▸ WHAT IS NEEDED: Every line from the one bearing "Unisex Ecosmart® Crewneck" through the last line of the entries should be printed exactly, with no other output.

(EXTRACTED MATERIAL)

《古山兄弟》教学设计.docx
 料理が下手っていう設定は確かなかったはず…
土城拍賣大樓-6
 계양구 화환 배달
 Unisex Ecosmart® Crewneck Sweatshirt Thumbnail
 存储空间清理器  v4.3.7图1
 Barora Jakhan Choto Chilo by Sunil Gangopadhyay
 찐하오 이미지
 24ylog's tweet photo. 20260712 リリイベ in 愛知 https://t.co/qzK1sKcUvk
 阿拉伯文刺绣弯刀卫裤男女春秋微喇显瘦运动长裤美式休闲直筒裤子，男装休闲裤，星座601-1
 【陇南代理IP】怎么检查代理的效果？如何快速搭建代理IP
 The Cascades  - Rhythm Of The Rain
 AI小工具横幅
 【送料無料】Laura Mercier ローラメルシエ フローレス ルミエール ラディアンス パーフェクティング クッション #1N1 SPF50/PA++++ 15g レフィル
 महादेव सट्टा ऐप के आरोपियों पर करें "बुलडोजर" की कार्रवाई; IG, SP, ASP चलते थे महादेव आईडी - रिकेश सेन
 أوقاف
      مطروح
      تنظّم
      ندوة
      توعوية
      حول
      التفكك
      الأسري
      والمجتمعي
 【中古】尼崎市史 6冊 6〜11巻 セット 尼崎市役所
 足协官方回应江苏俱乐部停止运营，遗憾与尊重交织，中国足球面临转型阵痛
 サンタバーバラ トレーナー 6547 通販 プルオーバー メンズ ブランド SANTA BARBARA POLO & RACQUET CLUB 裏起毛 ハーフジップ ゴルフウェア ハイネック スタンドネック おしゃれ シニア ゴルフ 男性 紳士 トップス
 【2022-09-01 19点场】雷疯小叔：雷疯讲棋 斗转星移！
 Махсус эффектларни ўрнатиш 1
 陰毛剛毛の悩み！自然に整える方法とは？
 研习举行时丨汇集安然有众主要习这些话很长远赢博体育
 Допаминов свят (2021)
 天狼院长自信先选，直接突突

(End EXTRACTED MATERIAL)

▸ ANSWER TO THIS TASK:
 Unisex Ecosmart® Crewneck Sweatshirt Thumbnail
 存储空间清理器  v4.3.7图1
 Barora Jakhan Choto Chilo by Sunil Gangopadhyay
 찐하오 이미지
 24ylog's tweet photo. 20260712 リリイベ in 愛知 https://t.co/qzK1sKcUvk
 阿拉伯文刺绣弯刀卫裤男女春秋微喇显瘦运动长裤美式休闲直筒裤子，男装休闲裤，星座601-1
 【陇南代理IP】怎么检查代理的效果？如何快速搭建代理IP
 The Cascades  - Rhythm Of The Rain
 AI小工具横幅
 【送料無料】Laura Mercier ローラメルシエ フローレス ルミエール ラディアンス パーフェクティング クッション #1N1 SPF50/PA++++ 15g レフィル
 महादेव सट्टा ऐप के आरोपियों पर करें "बुलडोजर" की कार्रवाई; IG, SP, ASP चलते थे महादेव आईडी - रिकेश सेन
 أوقاف
      مطروح
      تنظّم
      ندوة
      توعوية
      حول
      التفكك
      الأسري
      والمجتمعي
 【中古】尼崎市史 6冊 6〜11巻 セット 尼崎市役所
 足协官方回应江苏俱乐部停止运营，遗憾与尊重交织，中国足球面临转型阵痛
 サンタバーバラ トレーナー 6547 通販 プルオーバー メンズ ブランド SANTA BARBARA POLO & RACQUET CLUB 裏起毛 ハーフジップ ゴルフウェア ハイネック スタンドネック おしゃれ シニア ゴルフ 男性 紳士 トップス
 【2022-09-01 19点场】雷疯小叔：雷疯讲棋 斗转星移！
 Махсус эффектларни ўрнатиш 1
 陰毛剛毛の悩み！自然に整える方法とは？
 研习举行时丨汇集安然有众主要习这些话很长远赢博体育
 Допаминов свят (2021)
 天狼院长自信先选，直接突突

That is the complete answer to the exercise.